こいつの性格は、それこそ不治の病と同じなんだろうな。

だが、ため息もすぐに引っ込め、俺は弓に矢を3本つがえる。

 

「? どったん?」

「プレイヤーが来る。数は、4人か」

 

俺の言葉に、シオリもすかさず戦闘態勢をとる。

戦闘態勢を維持しつつ待っていると、岩の向こうから4人組のプレイヤーがやってきた。

だが、見知った顔でもなければ、有名な顔でもない。

すると、向こうも俺たちに気づき、こそこそと相談してから、すぐに両手を上げて降参のポーズをとった。

 

「おっとおっと、大丈夫だ。俺たちに敵対の意志はない。勝てるとも思っていないからな」

「・・・そうか」

 

4人を代表して口を開いた片手剣使いに、俺はちらりとシオリを見てから短くうなずき、構えた弓を下ろした。

それを見て、相手も露骨にホッとして、そうだと言わんばかりに話しかけてきた。

 

「そうだ。せっかくだし、俺たちと一時的に共闘しないか?盾役くらいにはなると思うぜ」

 

片手剣使いは「どうだ?」とたずねてくる。他の3人も異論はないのか、俺たちの返答を待っている。

これに対し俺は、

 

「シオリ、やれ」

「【超加速】!」

 

シオリに襲わせることで答えを返した。

シオリはスキルでAGIを上げてから目も止まらぬ速さで近づき、片手剣使いの後ろに控えていた3人のプレイヤーをあっという間に屠った。

 

「なっ、どういうことだよ!」

 

いきなり襲われたことに片手剣使いは怒鳴るが、俺はあくまで冷静に返した。

 

「今のVRゲームっていうのは、基本的に脳波に直接作用することで、リアルな五感を再現している」

「そ、それが・・・」

「簡単に言えば、VR空間は嘘をつくのに極端に向いていないってことだ」

「っ!?」

 

VR空間では情報が直接電子情報として伝えられることによって、現実よりもより正確に五感で情報を感じ取ることができる。

例えば、音なんかも雑多に聞こえるのではなく、風の音、水の音、人の歩く音や話し声などが別々に聞き取れるというわけだ。

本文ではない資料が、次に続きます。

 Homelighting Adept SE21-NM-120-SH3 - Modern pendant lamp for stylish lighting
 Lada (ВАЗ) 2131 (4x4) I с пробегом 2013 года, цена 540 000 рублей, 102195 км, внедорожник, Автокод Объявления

俺にかかれば、聞こえてくる音で索敵したり、相手が嘘をついているかどうかもすぐにわかる。

 

「共闘の提案をしたとき、お前の声は不自然に揺れていたし、他の3人もせわしない様子で、すぐに武器を持てる位置に手を伸ばしていた。大方、後ろから俺たちを襲うつもりだったんだろう。1撃でも入れられれば、ってな」

「なっ、なっ・・・」

「残念だったが、俺にその手の奇襲は通用しない。高い授業料だと思って次に活かしとけ。ま、次があればの話だがな」

 

それだけ言って、俺は即座に矢を3本つがえ、片手剣使いの眉間、喉元、胸に矢を放ち、光へと変えた。

 

「これで貸しはチャラだ」

「ちぇ~、案外早く払われてもうたなぁ。せっかく、後であんなことやこんなことを頼もうと思ったのに」

「そういうな。それに、臨時収入もあるぞ」

「ん?あ!メダル!」

 

どうやら初日にメダルを発見できた幸運なプレイヤーだったようで、プレイヤーたちが立っていたところに銀のメダルが1枚落ちていた。

 

「よっしゃ!これで4枚目や!」

「思ったよりペースがいいな。俺たちも運がいい」

 

少なくとも、お相手さんの方は運がなかった・・・いや、いらない欲をかいた、という方が正しいか。

俺としては、素直に回れ右してくれるなら見逃してやったのだが、向こうから襲おうとしたのだ。

こればっかりは、自業自得と言うべきだろう。